Hubiese bastado que le elevasen hasta el punto de encendido. ¿Y qué me dicen ustedes de la llama sobre el pebetero? Aquello no era una llama olímpica. Aquello era la llamarada que corona la chimenea de unos altos hornos. ¿Y de los fuegos artificiales? Ya sabemos que los chinos inventaron la pólvora y que la cohetería se les da tanto o mejor que comer con palillos. Pero tampoco hacia falta que nos lo demostrasen de esa forma, dejando en ridículo a cuanto pueda venir al respecto en años venideros. Yo creía que todo en Estados Unidos era más grande, y en efecto, lo es comparado con Europa. Pero no había visto todavía lo de china. Un castizo diría «Tíos, os habéis pasao», pero como no sabe decirlo en chino, a ellos les trae sin cuidado. E incluso si se lo dijese en su idioma. Ellos lo único que querían era mostrar lo que puede hacerse en un país de mil trescientos millones de habitantes -cien millones arriba o abajo-, acostumbrados a obedecer y callar.
Me ha recordado el episodio que viví en el Berlín de antes del Muro -finales de los años cincuenta sería- con Kukunsky, corresponsal de Radio Moscú, con quien me llevaba bien.
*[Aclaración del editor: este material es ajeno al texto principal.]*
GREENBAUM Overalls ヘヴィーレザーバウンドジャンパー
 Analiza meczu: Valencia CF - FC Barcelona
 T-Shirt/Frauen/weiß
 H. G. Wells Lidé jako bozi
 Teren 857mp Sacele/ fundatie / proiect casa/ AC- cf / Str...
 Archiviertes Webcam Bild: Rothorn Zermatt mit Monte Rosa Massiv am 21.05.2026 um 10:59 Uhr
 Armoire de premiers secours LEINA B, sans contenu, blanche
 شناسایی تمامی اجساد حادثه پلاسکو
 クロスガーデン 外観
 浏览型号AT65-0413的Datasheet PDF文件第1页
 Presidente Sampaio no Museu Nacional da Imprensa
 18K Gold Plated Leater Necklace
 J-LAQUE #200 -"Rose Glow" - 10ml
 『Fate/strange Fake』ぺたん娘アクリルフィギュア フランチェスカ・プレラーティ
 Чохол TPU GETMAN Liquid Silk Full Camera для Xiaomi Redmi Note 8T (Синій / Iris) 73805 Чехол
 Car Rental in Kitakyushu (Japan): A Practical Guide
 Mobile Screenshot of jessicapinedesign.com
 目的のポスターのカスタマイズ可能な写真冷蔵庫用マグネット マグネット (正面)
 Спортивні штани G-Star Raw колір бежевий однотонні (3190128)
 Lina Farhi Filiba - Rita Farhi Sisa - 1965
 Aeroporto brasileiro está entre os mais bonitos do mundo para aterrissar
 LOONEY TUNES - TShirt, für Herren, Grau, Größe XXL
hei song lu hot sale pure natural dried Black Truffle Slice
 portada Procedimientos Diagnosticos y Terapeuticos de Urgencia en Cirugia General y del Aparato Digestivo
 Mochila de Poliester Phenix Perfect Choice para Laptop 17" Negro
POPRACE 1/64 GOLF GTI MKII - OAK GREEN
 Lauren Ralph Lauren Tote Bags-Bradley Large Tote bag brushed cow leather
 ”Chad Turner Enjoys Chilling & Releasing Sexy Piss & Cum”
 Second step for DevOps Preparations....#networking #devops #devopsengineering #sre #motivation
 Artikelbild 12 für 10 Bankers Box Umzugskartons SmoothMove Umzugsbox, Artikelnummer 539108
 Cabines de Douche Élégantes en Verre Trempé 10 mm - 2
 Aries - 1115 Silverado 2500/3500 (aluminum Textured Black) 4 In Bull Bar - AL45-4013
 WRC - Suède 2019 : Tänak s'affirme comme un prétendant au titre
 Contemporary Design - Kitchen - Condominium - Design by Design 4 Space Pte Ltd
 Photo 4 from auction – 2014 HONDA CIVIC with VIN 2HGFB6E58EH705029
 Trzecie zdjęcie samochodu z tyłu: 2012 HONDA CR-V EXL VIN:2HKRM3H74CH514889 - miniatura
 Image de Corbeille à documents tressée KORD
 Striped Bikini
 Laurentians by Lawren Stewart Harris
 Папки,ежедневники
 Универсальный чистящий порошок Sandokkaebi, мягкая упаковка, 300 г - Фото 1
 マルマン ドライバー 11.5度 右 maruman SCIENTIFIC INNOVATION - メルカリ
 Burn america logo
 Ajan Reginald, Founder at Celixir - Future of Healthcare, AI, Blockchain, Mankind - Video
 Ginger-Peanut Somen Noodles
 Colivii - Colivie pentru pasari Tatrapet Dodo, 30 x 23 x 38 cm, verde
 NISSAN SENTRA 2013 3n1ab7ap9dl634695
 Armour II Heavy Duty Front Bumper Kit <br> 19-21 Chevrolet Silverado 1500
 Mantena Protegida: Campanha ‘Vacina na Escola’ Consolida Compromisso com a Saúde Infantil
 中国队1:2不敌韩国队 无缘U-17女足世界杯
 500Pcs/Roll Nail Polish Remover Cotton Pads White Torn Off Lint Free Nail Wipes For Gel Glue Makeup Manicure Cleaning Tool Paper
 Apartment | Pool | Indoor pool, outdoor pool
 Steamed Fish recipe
Creía yo ingenuamente que rusos y chinos eran uña y carne, y alabé a estos cuando, ante mi asombro, me advirtió que eran gente peligrosa. «Fíjate -me dijo-, que acompañé a una delegación soviética que iba a montar una fábrica allí. El lugar propuesto reunía las condiciones, pero tenía un defecto: la pequeña colina en medio, y así se lo dijeron nuestros ingenieros. Los chinos no dijeron nada, pero al día siguiente, cuando volvimos al lugar, la colina había desaparecido. ¡Y no tenían maquinaria pesada! Esa gente es de cuidado».
Es lo que deben haber pensado todos los dignatarios presentes en la ceremonia inaugural de los Juegos. China ha irrumpido en el escenario internacional, y viene para quedarse, no precisamente en un puesto secundario. De momento, nos ha obsequiado con los Juegos Olímpicos más monumentales que se hayan conocido. Luego, veremos. Pero si uno tuviera veinte años, tal vez pensara en ir aprendiendo chino.